[Records excerpted from a collection]
[Start of section]
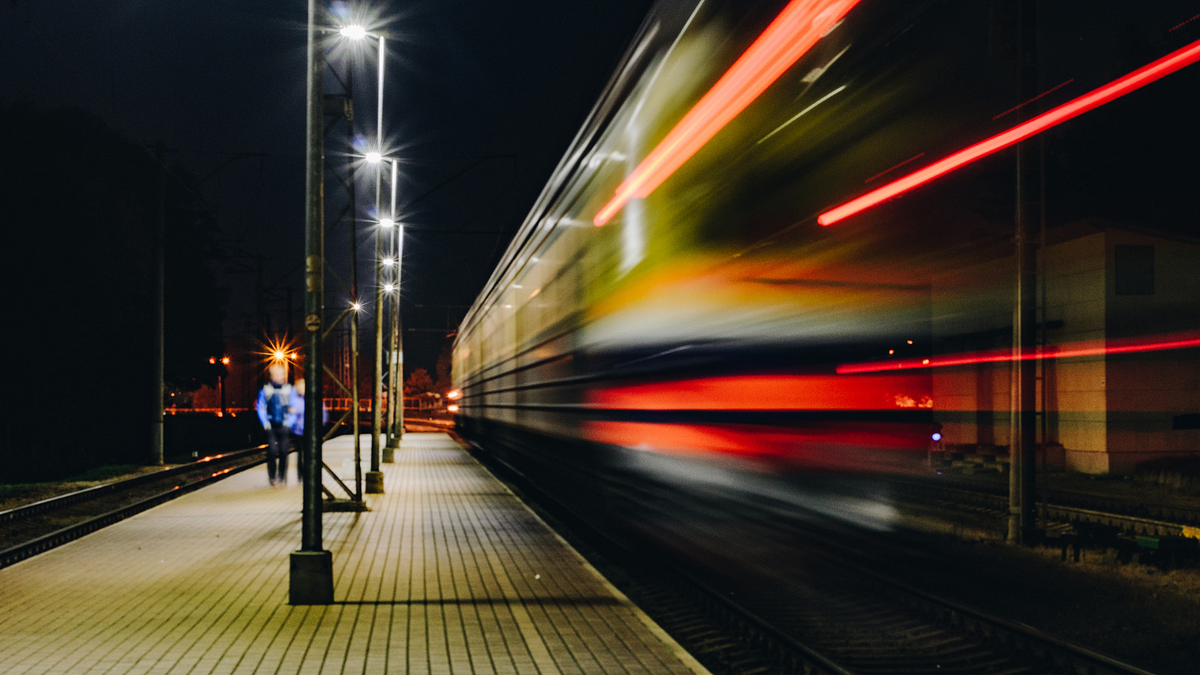 Compare Rails Versions and Explain Rails 8 Core Features | by Serhan ...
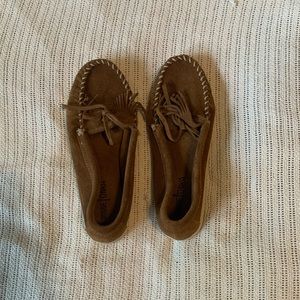 Minnetonka brown moccasins
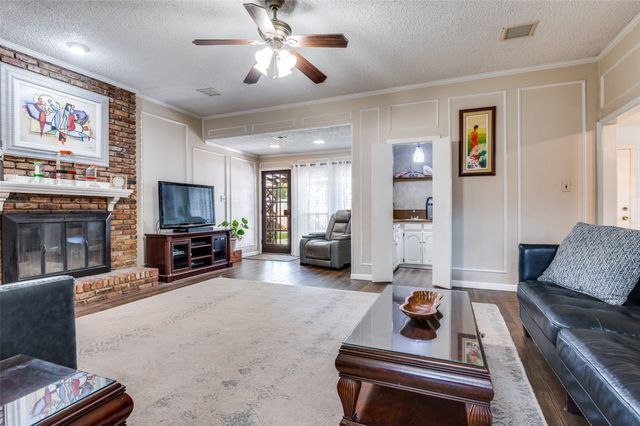 722 Corinthian Place, Duncanville, TX 75137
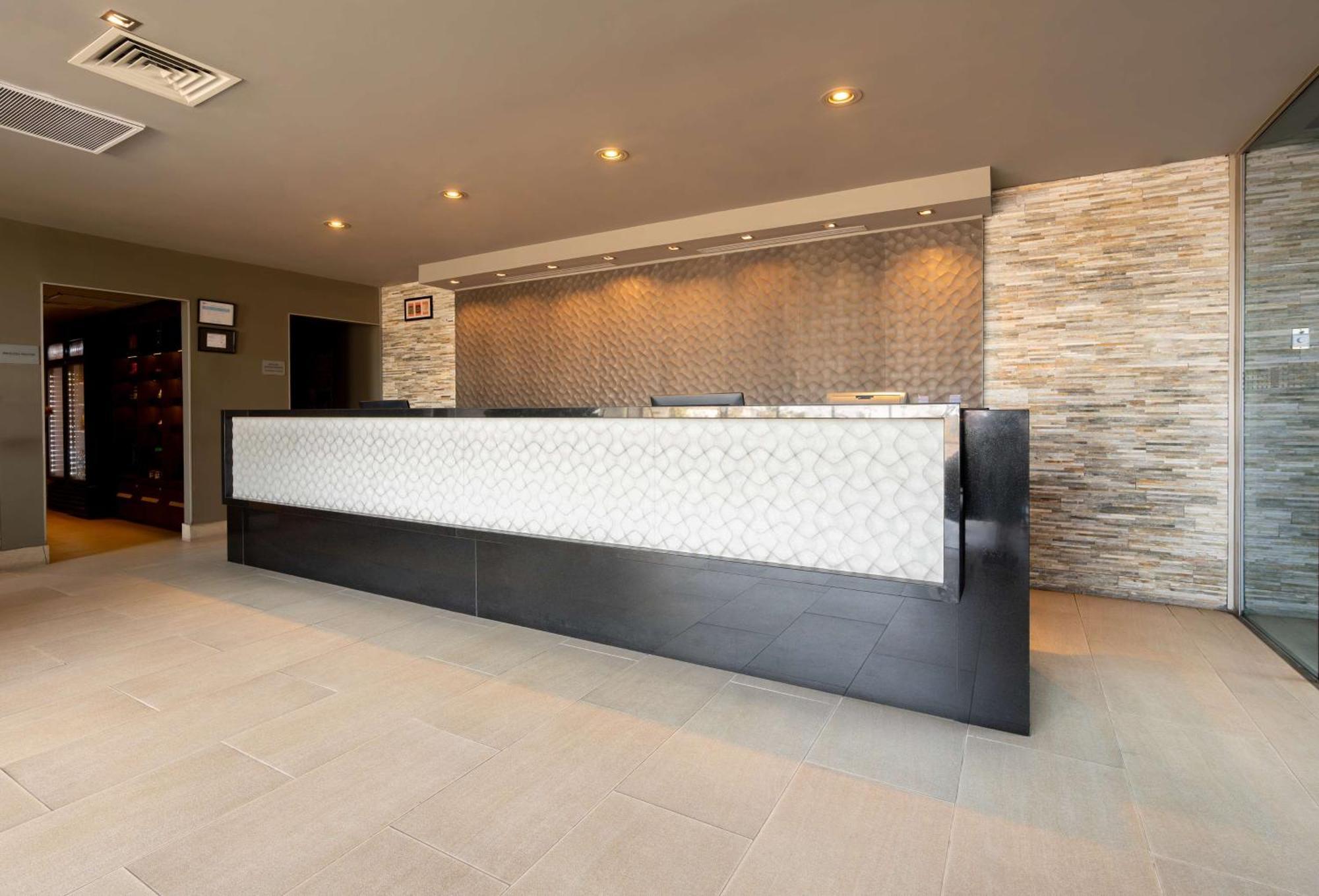 Hilton Garden Inn Iquique Exterior photo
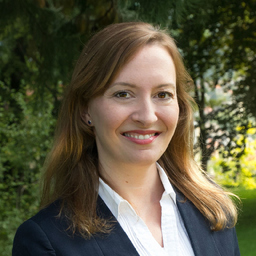 Dr. Daniela Bäcker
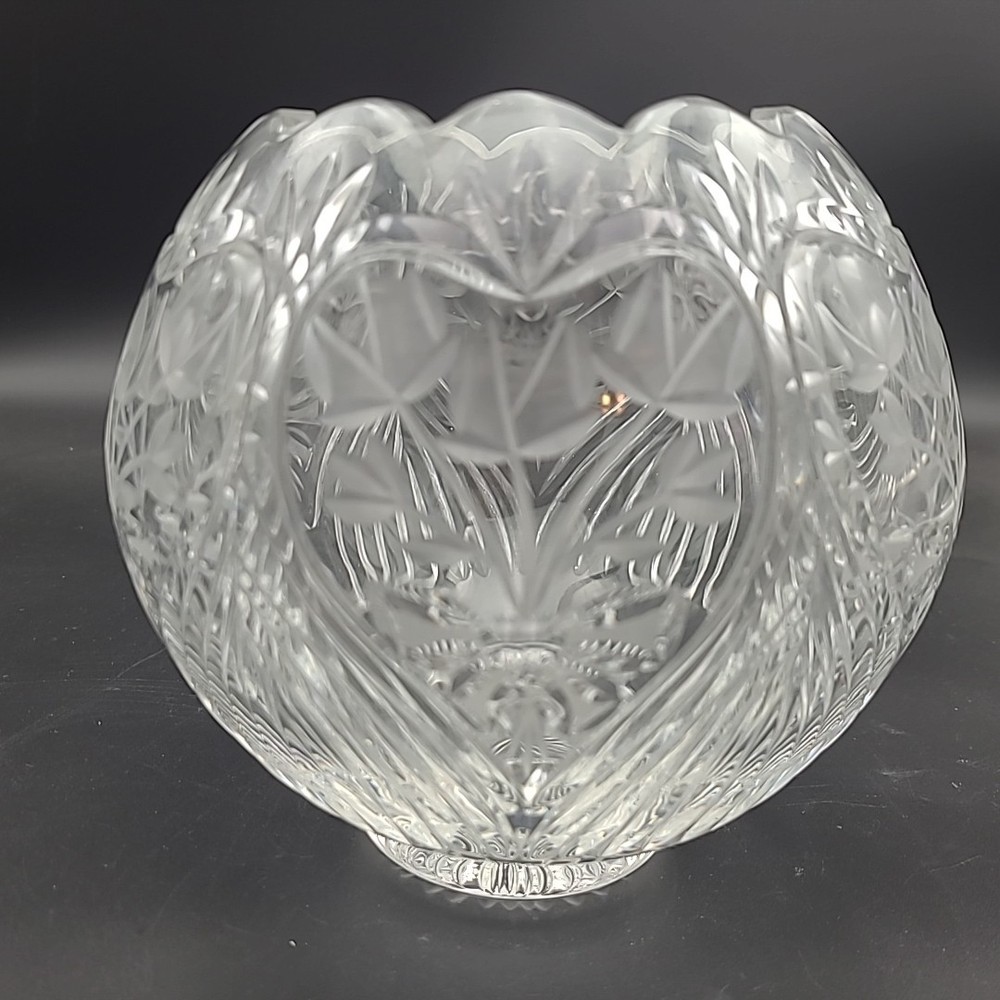 Crystal Clear Heavy 24% Lead Crystal Rose Bowl Vase Etched Tulips Scalloped Top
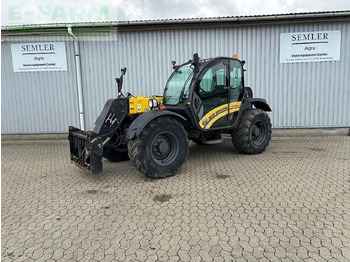 Teleskopski rukovatelj NEW HOLLAND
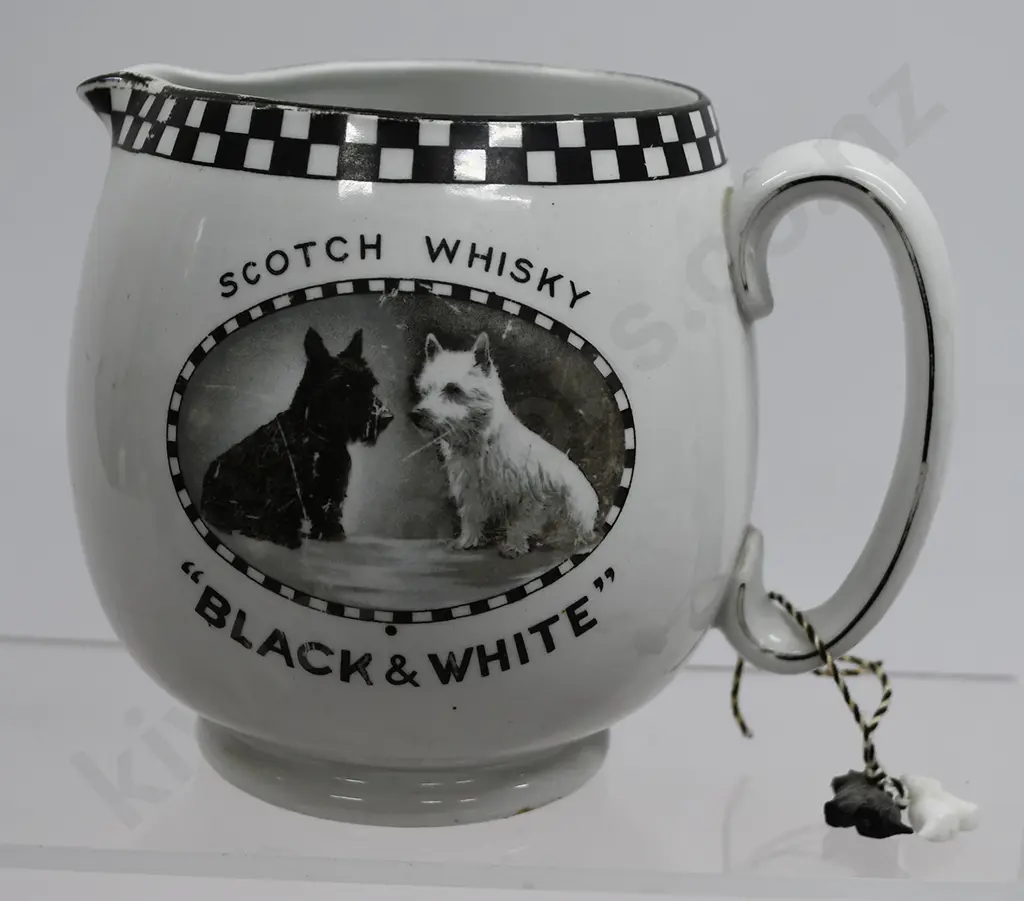 BUCHANAN’S BLACK & WHITE WHISKY ADVERTISING WATER JUG Image 1++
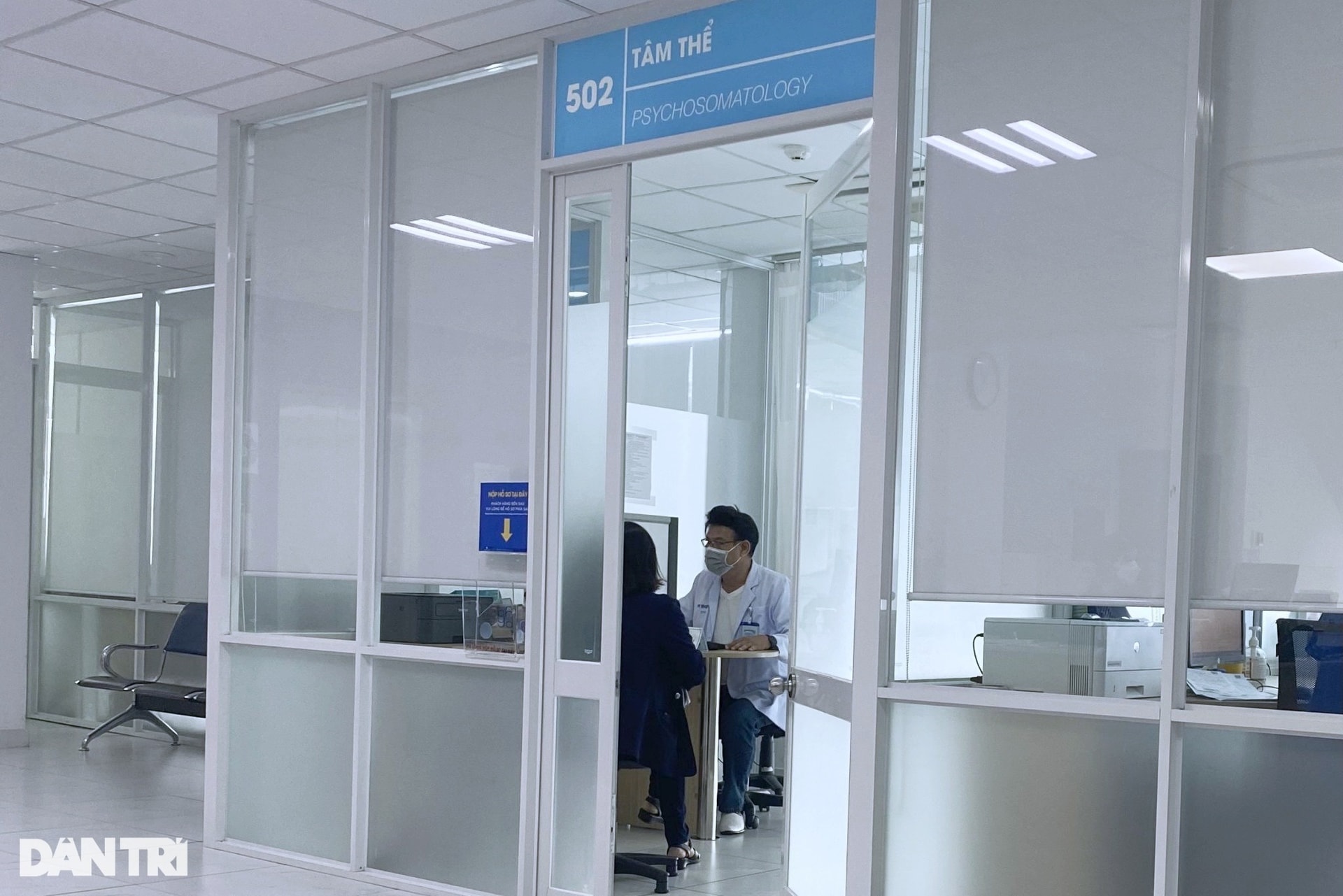 Bác sĩ tâm lý tiết lộ bệnh nhân mang hình bóng mẹ kế quận Bình Thạnh - 1 Bác sĩ tâm lý tiết lộ bệnh nhân mang hình bóng mẹ kế quận Bình Thạnh - 1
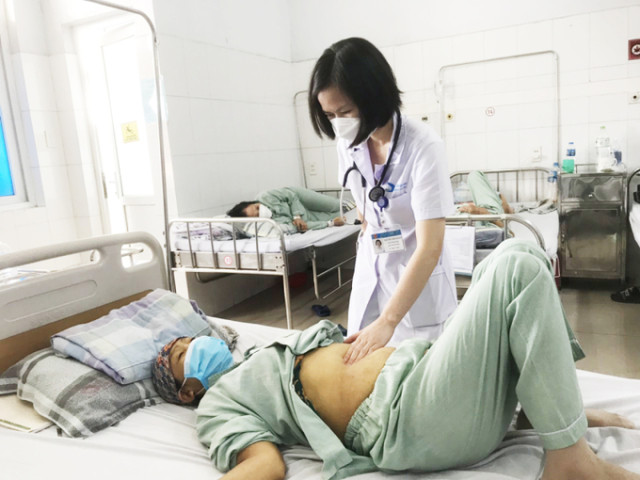 Quảng Ninh điều trị cho 1 bệnh nhân nữ bị viêm gan cấp sau khi sử dụng thuốc nam chữa viêm dạ dày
[End of section]
THE PROBLEM: Output, exactly and without pictures, the span of lines that starts at the line containing "Crystal Clear Heavy" and ends at the last line above.

EXERCISE RESPONSE:
 Crystal Clear Heavy 24% Lead Crystal Rose Bowl Vase Etched Tulips Scalloped Top
 Teleskopski rukovatelj NEW HOLLAND
 BUCHANAN’S BLACK & WHITE WHISKY ADVERTISING WATER JUG Image 1++
 Bác sĩ tâm lý tiết lộ bệnh nhân mang hình bóng mẹ kế quận Bình Thạnh - 1 Bác sĩ tâm lý tiết lộ bệnh nhân mang hình bóng mẹ kế quận Bình Thạnh - 1
 Quảng Ninh điều trị cho 1 bệnh nhân nữ bị viêm gan cấp sau khi sử dụng thuốc nam chữa viêm dạ dày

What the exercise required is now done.